▶ [Exercise prompt]
Could you set down every entry below exactly as it is?

▶ [Records supplied]
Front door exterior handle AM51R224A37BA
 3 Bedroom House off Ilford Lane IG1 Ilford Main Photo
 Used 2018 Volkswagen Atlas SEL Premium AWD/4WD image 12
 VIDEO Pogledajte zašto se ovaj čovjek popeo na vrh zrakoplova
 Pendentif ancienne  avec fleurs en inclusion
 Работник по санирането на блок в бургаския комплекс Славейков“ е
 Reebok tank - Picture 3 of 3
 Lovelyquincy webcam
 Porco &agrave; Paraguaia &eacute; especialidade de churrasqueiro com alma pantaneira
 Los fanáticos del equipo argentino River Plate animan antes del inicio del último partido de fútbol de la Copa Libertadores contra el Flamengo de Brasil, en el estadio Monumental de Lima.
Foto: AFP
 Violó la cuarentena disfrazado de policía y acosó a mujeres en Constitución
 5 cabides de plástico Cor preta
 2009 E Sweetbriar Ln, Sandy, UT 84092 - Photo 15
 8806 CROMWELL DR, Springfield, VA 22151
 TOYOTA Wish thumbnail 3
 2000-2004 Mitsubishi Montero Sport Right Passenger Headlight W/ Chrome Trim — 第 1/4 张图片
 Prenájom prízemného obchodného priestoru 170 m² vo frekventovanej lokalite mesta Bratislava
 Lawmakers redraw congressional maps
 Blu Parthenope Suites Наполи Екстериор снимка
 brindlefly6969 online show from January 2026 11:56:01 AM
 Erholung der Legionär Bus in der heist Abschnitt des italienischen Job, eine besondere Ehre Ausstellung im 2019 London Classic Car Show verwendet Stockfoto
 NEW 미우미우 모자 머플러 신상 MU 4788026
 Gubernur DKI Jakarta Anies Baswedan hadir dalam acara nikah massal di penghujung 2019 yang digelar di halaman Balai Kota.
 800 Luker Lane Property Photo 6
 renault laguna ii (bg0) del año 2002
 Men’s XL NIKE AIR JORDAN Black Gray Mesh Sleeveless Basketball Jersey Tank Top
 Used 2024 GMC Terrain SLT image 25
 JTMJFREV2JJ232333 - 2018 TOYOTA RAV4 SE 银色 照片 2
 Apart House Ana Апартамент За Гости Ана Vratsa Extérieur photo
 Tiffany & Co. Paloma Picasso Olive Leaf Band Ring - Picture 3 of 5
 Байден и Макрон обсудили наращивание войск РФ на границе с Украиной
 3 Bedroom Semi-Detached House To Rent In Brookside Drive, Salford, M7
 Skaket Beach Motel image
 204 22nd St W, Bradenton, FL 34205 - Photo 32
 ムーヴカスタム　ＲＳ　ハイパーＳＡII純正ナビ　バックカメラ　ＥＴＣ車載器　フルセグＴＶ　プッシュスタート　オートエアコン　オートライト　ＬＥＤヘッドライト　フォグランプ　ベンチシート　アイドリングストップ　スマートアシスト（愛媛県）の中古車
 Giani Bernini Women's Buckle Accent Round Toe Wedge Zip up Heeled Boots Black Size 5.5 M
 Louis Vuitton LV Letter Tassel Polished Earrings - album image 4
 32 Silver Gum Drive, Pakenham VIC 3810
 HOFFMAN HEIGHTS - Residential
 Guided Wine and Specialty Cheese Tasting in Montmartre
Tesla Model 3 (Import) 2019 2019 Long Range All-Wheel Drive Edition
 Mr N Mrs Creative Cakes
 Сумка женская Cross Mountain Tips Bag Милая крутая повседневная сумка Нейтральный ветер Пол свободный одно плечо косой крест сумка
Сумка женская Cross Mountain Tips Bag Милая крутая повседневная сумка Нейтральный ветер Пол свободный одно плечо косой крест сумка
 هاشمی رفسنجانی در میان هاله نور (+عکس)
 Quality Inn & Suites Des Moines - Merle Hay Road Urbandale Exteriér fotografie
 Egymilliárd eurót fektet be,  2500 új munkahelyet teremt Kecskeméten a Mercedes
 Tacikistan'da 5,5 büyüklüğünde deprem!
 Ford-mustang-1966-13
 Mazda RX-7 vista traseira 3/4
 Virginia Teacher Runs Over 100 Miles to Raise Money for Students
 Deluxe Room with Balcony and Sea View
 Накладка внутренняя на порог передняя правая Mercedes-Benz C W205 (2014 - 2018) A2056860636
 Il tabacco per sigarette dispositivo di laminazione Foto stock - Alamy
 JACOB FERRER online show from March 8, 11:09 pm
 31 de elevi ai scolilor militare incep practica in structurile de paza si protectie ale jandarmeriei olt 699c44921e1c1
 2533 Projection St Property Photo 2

▶ [Answer for this exercise]
Front door exterior handle AM51R224A37BA
 3 Bedroom House off Ilford Lane IG1 Ilford Main Photo
 Used 2018 Volkswagen Atlas SEL Premium AWD/4WD image 12
 VIDEO Pogledajte zašto se ovaj čovjek popeo na vrh zrakoplova
 Pendentif ancienne  avec fleurs en inclusion
 Работник по санирането на блок в бургаския комплекс Славейков“ е
 Reebok tank - Picture 3 of 3
 Lovelyquincy webcam
 Porco &agrave; Paraguaia &eacute; especialidade de churrasqueiro com alma pantaneira
 Los fanáticos del equipo argentino River Plate animan antes del inicio del último partido de fútbol de la Copa Libertadores contra el Flamengo de Brasil, en el estadio Monumental de Lima.
Foto: AFP
 Violó la cuarentena disfrazado de policía y acosó a mujeres en Constitución
 5 cabides de plástico Cor preta
 2009 E Sweetbriar Ln, Sandy, UT 84092 - Photo 15
 8806 CROMWELL DR, Springfield, VA 22151
 TOYOTA Wish thumbnail 3
 2000-2004 Mitsubishi Montero Sport Right Passenger Headlight W/ Chrome Trim — 第 1/4 张图片
 Prenájom prízemného obchodného priestoru 170 m² vo frekventovanej lokalite mesta Bratislava
 Lawmakers redraw congressional maps
 Blu Parthenope Suites Наполи Екстериор снимка
 brindlefly6969 online show from January 2026 11:56:01 AM
 Erholung der Legionär Bus in der heist Abschnitt des italienischen Job, eine besondere Ehre Ausstellung im 2019 London Classic Car Show verwendet Stockfoto
 NEW 미우미우 모자 머플러 신상 MU 4788026
 Gubernur DKI Jakarta Anies Baswedan hadir dalam acara nikah massal di penghujung 2019 yang digelar di halaman Balai Kota.
 800 Luker Lane Property Photo 6
 renault laguna ii (bg0) del año 2002
 Men’s XL NIKE AIR JORDAN Black Gray Mesh Sleeveless Basketball Jersey Tank Top
 Used 2024 GMC Terrain SLT image 25
 JTMJFREV2JJ232333 - 2018 TOYOTA RAV4 SE 银色 照片 2
 Apart House Ana Апартамент За Гости Ана Vratsa Extérieur photo
 Tiffany & Co. Paloma Picasso Olive Leaf Band Ring - Picture 3 of 5
 Байден и Макрон обсудили наращивание войск РФ на границе с Украиной
 3 Bedroom Semi-Detached House To Rent In Brookside Drive, Salford, M7
 Skaket Beach Motel image
 204 22nd St W, Bradenton, FL 34205 - Photo 32
 ムーヴカスタム　ＲＳ　ハイパーＳＡII純正ナビ　バックカメラ　ＥＴＣ車載器　フルセグＴＶ　プッシュスタート　オートエアコン　オートライト　ＬＥＤヘッドライト　フォグランプ　ベンチシート　アイドリングストップ　スマートアシスト（愛媛県）の中古車
 Giani Bernini Women's Buckle Accent Round Toe Wedge Zip up Heeled Boots Black Size 5.5 M
 Louis Vuitton LV Letter Tassel Polished Earrings - album image 4
 32 Silver Gum Drive, Pakenham VIC 3810
 HOFFMAN HEIGHTS - Residential
 Guided Wine and Specialty Cheese Tasting in Montmartre
Tesla Model 3 (Import) 2019 2019 Long Range All-Wheel Drive Edition
 Mr N Mrs Creative Cakes
 Сумка женская Cross Mountain Tips Bag Милая крутая повседневная сумка Нейтральный ветер Пол свободный одно плечо косой крест сумка
Сумка женская Cross Mountain Tips Bag Милая крутая повседневная сумка Нейтральный ветер Пол свободный одно плечо косой крест сумка
 هاشمی رفسنجانی در میان هاله نور (+عکس)
 Quality Inn & Suites Des Moines - Merle Hay Road Urbandale Exteriér fotografie
 Egymilliárd eurót fektet be,  2500 új munkahelyet teremt Kecskeméten a Mercedes
 Tacikistan'da 5,5 büyüklüğünde deprem!
 Ford-mustang-1966-13
 Mazda RX-7 vista traseira 3/4
 Virginia Teacher Runs Over 100 Miles to Raise Money for Students
 Deluxe Room with Balcony and Sea View
 Накладка внутренняя на порог передняя правая Mercedes-Benz C W205 (2014 - 2018) A2056860636
 Il tabacco per sigarette dispositivo di laminazione Foto stock - Alamy
 JACOB FERRER online show from March 8, 11:09 pm
 31 de elevi ai scolilor militare incep practica in structurile de paza si protectie ale jandarmeriei olt 699c44921e1c1
 2533 Projection St Property Photo 2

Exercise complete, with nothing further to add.